What you will do
Beginning at the line that mentions "Vintage Atlantic Mold", retype the rest of the records below exactly. Pictures are not part of the copy.

Provided material
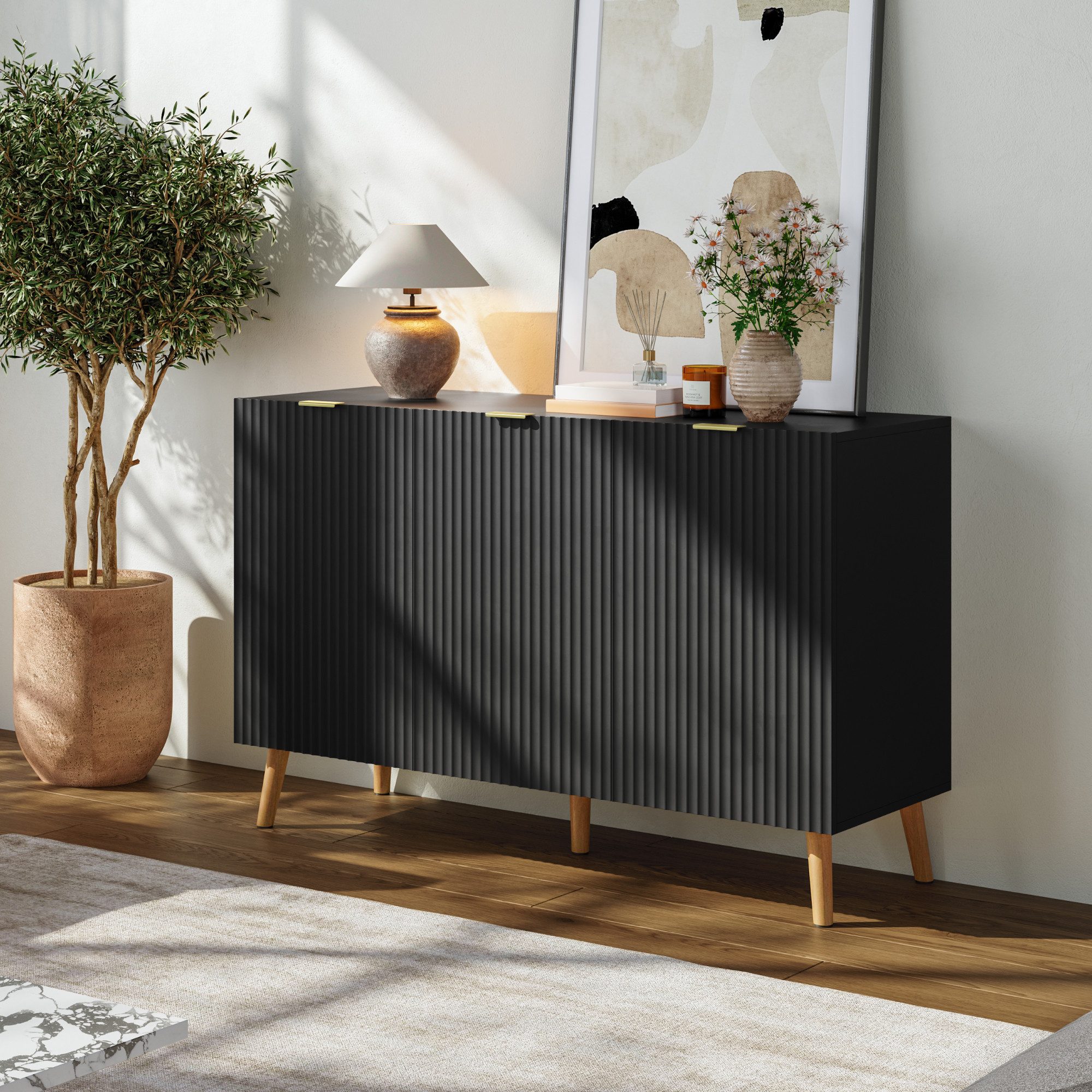 en.casa Sideboard, »Nand« mit 3 Türen 120x40x76 cm Schwarz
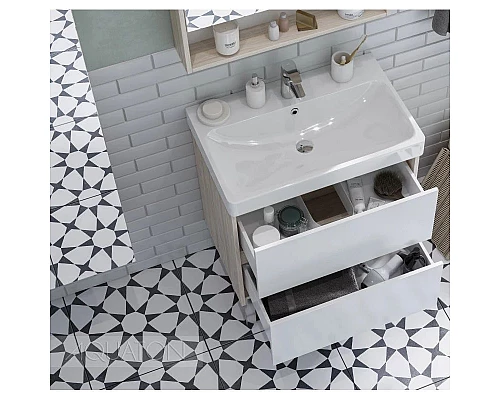 Купить Тумба белый глянец/дуб верона 68,2 см Акватон Сканди 1A251801SDB20 в магазине сантехники Santeh-Crystal.ru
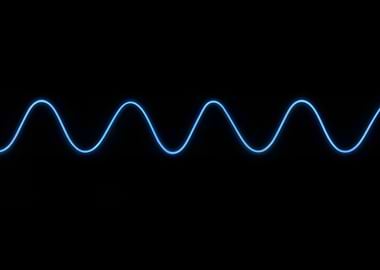 Blue Sine Wave on Black Background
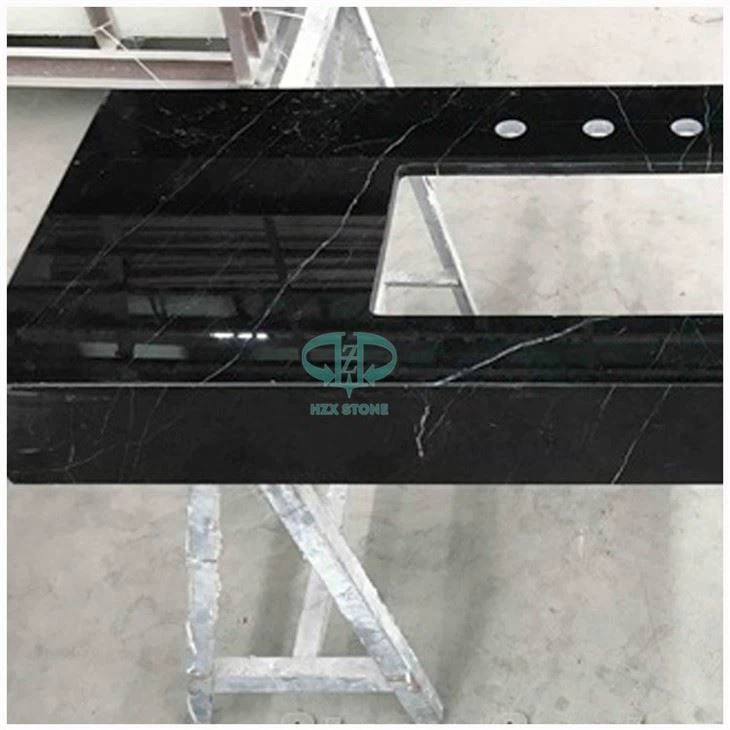 Nero Marquina Black Marble Bathtroom Top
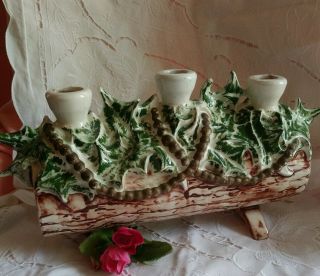Vintage Atlantic Mold Ceramic Christmas Yule Log Candle Holder Very Pretty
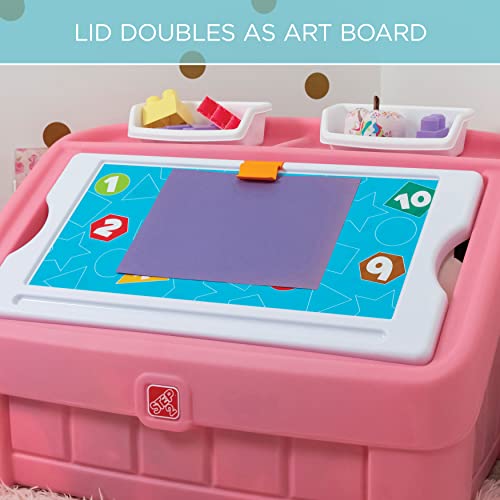Step2 2-in-1 Toy Box & Art Lid, Kids Toy Storage Bin & Organizer, Easel & Chest in One, Made of Durable Plastic, For Toddlers 2+ Years Old, Pink - color: Pink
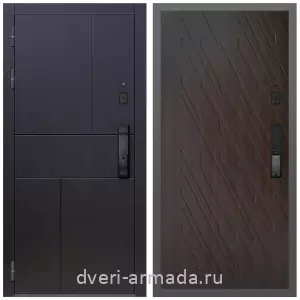 Входные двери в Подольске, Умная входная смарт-дверь Армада Оникс МДФ 10 мм Kaadas K9 / МДФ 16 мм ФЛ-86 Венге структурный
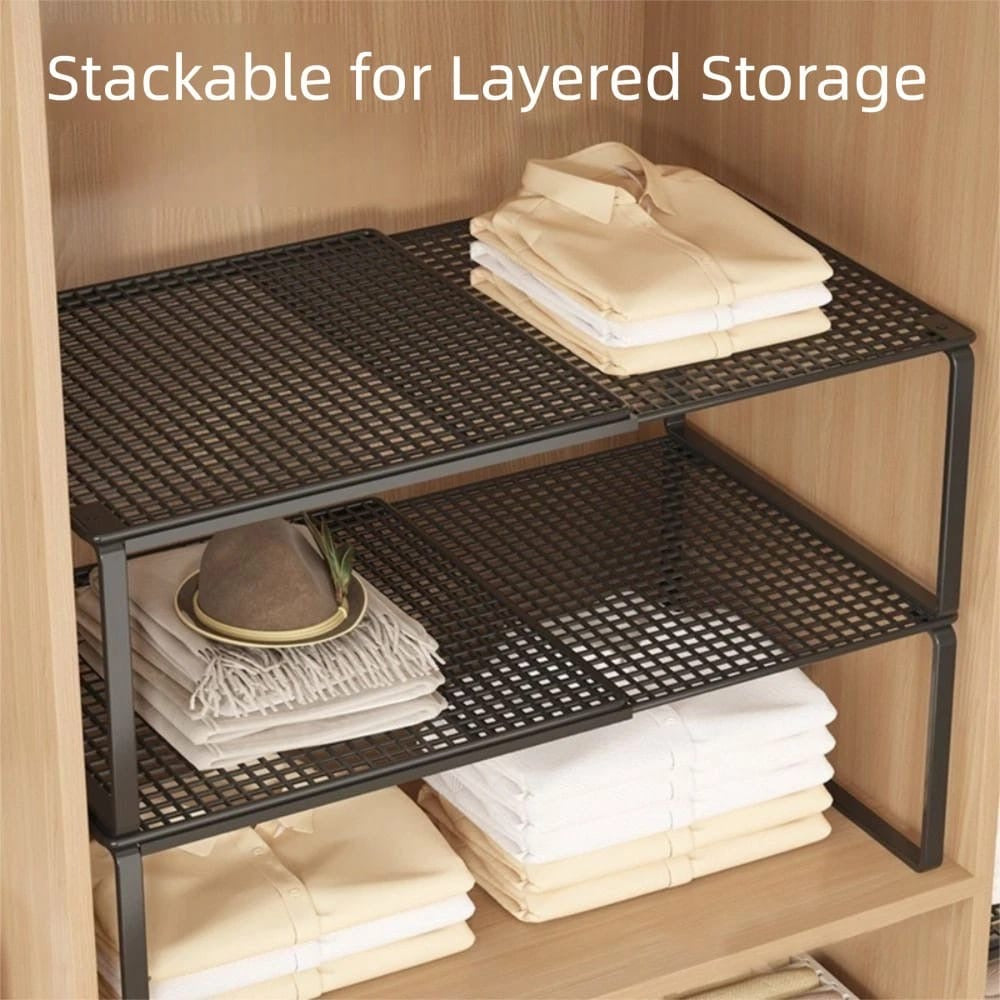 Expandable Closet Organizer Shelf Adjustable Wardrobe Kitchen Storage Rack UK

Response area
Vintage Atlantic Mold Ceramic Christmas Yule Log Candle Holder Very Pretty
Step2 2-in-1 Toy Box & Art Lid, Kids Toy Storage Bin & Organizer, Easel & Chest in One, Made of Durable Plastic, For Toddlers 2+ Years Old, Pink - color: Pink
 Входные двери в Подольске, Умная входная смарт-дверь Армада Оникс МДФ 10 мм Kaadas K9 / МДФ 16 мм ФЛ-86 Венге структурный
 Expandable Closet Organizer Shelf Adjustable Wardrobe Kitchen Storage Rack UK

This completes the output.